018 変わりゆく仕立て屋さん

 目覚めると、身体が重くて怠かった。

 身体の頑丈さだけは、かなり自信があったのだが、こんな事は初めてだ。


 左腕が痺れているのはいつも通りなのだが、最近は耐性が付いてきたのか、それとも鍛えられてきたのか、徐々に症状が軽くなっている気がする。

 これまたいつも通り、腕の代わりに彼女メイプルの枕を挿し込む。もう、手慣れたもので、目をつぶっていても、寝ぼけていてもやれる自信がある。

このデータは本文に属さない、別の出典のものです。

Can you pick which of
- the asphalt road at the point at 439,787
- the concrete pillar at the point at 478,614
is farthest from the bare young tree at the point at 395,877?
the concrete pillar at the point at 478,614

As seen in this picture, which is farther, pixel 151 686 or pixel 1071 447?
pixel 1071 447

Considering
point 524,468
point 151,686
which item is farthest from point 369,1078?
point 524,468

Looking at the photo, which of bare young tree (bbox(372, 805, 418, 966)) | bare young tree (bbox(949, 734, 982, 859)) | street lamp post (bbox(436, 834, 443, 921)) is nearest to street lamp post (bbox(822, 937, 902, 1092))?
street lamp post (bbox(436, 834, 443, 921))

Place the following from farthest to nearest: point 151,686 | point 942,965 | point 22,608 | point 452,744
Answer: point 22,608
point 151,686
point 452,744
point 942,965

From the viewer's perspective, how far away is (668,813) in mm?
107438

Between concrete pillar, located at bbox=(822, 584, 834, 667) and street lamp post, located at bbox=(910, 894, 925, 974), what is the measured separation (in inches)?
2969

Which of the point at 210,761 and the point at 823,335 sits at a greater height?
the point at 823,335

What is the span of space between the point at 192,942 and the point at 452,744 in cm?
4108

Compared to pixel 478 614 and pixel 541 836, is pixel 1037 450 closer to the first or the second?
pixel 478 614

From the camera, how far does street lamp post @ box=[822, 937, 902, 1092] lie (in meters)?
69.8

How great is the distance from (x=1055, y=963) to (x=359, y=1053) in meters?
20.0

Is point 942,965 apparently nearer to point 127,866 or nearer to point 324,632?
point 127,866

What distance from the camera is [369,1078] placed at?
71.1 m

 その拍子に身体が傾いたのだが、その時、ズルリと何かが身体から滑り落ちた。


 何だ? ……と思いつつ、視線を下に向けると、毛布がもぞもぞ動いており、身体にもその感覚が伝わってくる。

 まさかと思い、毛布をめくると……

 身体の上で、シアが幸せそうに眠っていた。

 一瞬だが、お化けや怪物の類を想像して恐怖したが、違ってホッと安心した。


 ……いや、この状況はマズイだろう。

 そう思いながら視線を巡らす。


「……ヒッ!!」


 真顔のサンディーと目が合い、思わず息を止め、身体を硬直させる。

 お化け以上の恐怖を感じながら弁明しようとするが、それをサンディーは小さく首を振り、静かにするようにと合図を送ってきた。


 シアをメイプルの横に寝かせ、そっとベッドから抜け出す。

 違和感を感じたのかもぞもぞと動いていたシアだが、メイプルに触れると身体を寄せ、ギュッと服を握って再び安らかな寝息を立て始めた。

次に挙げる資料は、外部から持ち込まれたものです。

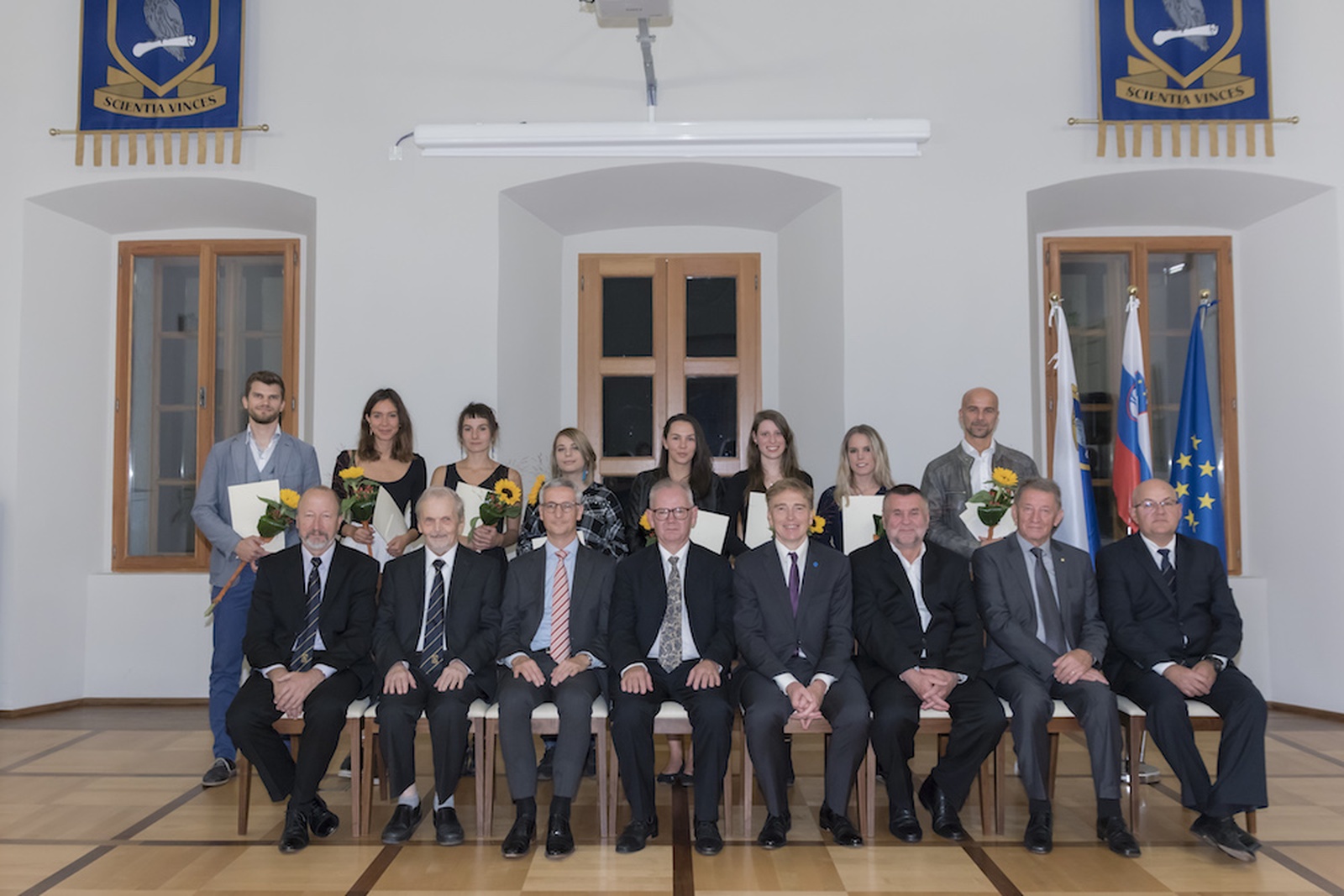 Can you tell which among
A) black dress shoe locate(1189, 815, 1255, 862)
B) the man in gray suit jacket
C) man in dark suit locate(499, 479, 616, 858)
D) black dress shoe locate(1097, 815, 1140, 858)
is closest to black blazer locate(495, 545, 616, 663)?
man in dark suit locate(499, 479, 616, 858)

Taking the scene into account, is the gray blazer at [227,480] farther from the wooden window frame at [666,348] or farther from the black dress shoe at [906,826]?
the black dress shoe at [906,826]

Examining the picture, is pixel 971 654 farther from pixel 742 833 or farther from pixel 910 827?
pixel 742 833

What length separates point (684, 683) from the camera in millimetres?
4020

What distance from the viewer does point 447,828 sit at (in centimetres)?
378

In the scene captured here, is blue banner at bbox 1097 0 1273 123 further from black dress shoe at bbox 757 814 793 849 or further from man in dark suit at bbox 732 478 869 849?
black dress shoe at bbox 757 814 793 849

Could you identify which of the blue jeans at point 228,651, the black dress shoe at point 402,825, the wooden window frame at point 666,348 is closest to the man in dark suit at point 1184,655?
the black dress shoe at point 402,825

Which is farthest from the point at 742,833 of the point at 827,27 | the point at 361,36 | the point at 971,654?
the point at 361,36

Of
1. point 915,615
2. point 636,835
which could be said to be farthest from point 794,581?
point 636,835

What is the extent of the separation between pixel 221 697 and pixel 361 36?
373 cm

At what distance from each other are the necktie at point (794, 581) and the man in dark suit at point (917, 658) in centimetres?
25

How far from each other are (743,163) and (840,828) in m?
3.65

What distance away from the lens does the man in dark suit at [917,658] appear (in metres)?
3.83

 それを見て、少しホッとしながら炊事場のほうへと向かう。

 

 その途中、折れたクワの柄が目に入る。

 折れた部分は、当たっても怪我をしないように滑らかにしてある。

 シアを召喚したモノだけに捨てる気にはなれず、サンディーにお願いして杖っぽく加工してもらったのだ。

 その横には、本物の杖も並んでいる。


 幸い、クワの先も無事に回収され、新たな柄を得て生まれ変わっている最中だ。

 シアの活躍を知った職人が、村からのお礼だからと、丈夫で軽くて長持ちする最高の木材で作ってくれるらしく、もうしばらくかかるらしい。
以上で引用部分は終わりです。